According to Marchant, a science journalist and author (Decoding the Heavens, 2009), it’s because science needs a new “Now-centered” perspective. The old one goes back to ancient Greece, when Parmenides argued for an unchanging cosmos even as Heraclitus insisted that we can’t step into the same moment twice. Things swung in Parmenides’ favor when Einstein showed that past, present, and future exist all at once. If the universe can’t single out a Now, perhaps we construct it in our minds. “A gap was opening,” Marchant writes, “between what we perceive in each moment, and how the world beyond us unfolds.” The book explores both sides of that gap—the physics of time and the neuroscience of time perception. Sufferers of “akinetopsia,” a neurological condition, perceive reality as if someone’s hit pause; “marooned in a world of frozen moments,” a woman tries to pour her tea but it forms “a static, suspended column, stretching from spout to cup.” For schizophrenics, time fragments, as does the self. “Perhaps that’s what our sense of self is,” Marchant writes: our ability to draw from the past and think toward the future. In epileptic seizures, “flow” states, and meditation, we more fully occupy the Now, loosening the distinction between self and world. The gap narrows. By the end of the book, Marchant hopes to close it, drawing from radical ideas in cognitive science and quantum physics. Here things get a bit confused.

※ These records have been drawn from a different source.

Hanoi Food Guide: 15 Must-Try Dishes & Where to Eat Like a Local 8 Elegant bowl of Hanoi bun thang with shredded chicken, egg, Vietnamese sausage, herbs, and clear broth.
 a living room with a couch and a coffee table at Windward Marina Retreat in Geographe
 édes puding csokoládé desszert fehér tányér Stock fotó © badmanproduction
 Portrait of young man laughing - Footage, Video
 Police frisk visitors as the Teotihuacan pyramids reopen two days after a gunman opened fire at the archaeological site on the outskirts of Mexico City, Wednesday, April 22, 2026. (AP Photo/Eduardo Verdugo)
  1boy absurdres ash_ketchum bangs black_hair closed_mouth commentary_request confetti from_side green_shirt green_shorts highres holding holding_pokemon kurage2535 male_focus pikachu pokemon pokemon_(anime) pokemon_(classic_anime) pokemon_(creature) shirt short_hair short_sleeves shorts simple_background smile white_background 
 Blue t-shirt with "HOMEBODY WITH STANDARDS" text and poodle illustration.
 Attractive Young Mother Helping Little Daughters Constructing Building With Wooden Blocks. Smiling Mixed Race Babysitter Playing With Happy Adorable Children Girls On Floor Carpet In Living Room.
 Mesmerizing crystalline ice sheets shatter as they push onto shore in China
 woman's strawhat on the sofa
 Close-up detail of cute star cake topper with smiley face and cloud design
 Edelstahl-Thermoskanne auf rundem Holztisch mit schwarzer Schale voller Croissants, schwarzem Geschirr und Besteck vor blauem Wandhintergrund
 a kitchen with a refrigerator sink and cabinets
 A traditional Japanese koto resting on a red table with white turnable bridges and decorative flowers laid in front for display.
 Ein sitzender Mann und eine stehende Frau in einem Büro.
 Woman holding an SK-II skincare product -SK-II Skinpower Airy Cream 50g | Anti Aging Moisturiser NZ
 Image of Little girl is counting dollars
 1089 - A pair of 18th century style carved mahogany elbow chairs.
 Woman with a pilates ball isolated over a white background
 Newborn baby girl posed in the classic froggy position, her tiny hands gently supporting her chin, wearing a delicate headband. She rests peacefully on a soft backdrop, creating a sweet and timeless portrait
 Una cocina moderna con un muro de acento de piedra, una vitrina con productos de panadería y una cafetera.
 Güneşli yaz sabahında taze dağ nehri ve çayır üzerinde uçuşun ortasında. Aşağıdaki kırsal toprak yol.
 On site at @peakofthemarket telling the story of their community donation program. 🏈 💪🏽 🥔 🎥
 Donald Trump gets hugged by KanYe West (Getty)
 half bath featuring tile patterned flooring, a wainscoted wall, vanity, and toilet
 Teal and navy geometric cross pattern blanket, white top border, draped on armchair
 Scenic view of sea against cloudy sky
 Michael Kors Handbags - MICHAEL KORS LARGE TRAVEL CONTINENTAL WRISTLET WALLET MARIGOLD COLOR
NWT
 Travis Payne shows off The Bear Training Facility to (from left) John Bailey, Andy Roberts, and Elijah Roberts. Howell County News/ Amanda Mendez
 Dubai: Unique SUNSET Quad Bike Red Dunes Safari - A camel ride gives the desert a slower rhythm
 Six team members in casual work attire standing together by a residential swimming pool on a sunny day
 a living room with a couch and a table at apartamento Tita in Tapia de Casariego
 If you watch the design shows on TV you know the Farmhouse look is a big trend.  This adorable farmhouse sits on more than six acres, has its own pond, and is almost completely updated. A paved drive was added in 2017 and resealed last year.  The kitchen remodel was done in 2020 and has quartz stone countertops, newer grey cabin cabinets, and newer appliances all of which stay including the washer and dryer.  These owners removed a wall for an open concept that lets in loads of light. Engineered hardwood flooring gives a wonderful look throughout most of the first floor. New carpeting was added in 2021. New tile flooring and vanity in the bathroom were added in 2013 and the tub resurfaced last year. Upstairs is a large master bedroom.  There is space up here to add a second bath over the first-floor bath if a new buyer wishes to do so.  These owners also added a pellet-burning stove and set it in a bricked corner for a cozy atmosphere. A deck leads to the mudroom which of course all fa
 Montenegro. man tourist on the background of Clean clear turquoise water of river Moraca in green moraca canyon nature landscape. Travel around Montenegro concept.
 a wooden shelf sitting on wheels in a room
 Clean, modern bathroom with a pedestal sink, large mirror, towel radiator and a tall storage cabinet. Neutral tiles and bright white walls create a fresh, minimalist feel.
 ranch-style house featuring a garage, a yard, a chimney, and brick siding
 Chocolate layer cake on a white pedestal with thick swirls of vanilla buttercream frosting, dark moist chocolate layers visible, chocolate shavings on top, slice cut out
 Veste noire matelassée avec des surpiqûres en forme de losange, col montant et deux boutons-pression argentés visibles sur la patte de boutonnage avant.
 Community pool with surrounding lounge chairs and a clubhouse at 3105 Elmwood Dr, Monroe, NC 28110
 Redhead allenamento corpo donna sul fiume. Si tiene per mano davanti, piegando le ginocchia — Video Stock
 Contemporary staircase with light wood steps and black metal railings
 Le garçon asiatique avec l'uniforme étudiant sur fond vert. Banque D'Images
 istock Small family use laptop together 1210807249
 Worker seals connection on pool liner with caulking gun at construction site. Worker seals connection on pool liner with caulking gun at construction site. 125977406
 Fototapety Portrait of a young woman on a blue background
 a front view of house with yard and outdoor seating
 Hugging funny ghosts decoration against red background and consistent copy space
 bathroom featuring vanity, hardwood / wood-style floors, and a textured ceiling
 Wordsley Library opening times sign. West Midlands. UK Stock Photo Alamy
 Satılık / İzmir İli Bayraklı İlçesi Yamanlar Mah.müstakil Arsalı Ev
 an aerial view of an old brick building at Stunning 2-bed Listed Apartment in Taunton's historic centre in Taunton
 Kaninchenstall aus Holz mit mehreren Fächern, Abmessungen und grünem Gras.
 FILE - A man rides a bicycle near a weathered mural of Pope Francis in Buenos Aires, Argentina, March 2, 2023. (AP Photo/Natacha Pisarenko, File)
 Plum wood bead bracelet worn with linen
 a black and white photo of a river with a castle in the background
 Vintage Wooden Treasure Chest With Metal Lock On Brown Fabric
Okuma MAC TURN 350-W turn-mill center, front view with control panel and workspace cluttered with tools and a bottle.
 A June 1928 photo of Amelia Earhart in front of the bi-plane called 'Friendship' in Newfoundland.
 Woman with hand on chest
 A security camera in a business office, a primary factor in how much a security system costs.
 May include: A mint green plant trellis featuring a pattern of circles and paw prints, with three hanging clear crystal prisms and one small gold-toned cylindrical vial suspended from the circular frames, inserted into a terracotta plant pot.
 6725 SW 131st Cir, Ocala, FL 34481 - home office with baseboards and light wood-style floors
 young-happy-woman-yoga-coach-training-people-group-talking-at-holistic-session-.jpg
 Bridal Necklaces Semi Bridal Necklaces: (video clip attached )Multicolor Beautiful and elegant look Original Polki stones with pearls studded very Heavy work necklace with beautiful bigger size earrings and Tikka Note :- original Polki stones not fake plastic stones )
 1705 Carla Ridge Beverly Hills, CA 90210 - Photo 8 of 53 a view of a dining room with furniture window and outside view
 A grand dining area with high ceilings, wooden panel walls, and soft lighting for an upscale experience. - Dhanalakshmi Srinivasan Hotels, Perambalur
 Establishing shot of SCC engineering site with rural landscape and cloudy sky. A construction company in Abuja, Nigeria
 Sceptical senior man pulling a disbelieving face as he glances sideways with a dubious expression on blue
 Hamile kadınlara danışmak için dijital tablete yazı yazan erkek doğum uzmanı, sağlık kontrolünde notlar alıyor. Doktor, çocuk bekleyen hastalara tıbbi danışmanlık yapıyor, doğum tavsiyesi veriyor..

While explaining the enactive approach to cognition, Marchant speaks of the brain’s need to make inferences, missing the point that, for enactivists, the mind isn’t locked in the head. Her attempt to link the mutually contradictory theories of enactivism, integrated information theory, and predictive coding into a “unifying framework” is ultimately incoherent. Still, this ambitious and beautifully written book gestures at something truly profound: a new view of science in which “nothing is set in stone: we have a say in what the universe is and where it goes.”
An enlightening if stumbling attempt to grasp the slippery instant where mind and universe collide.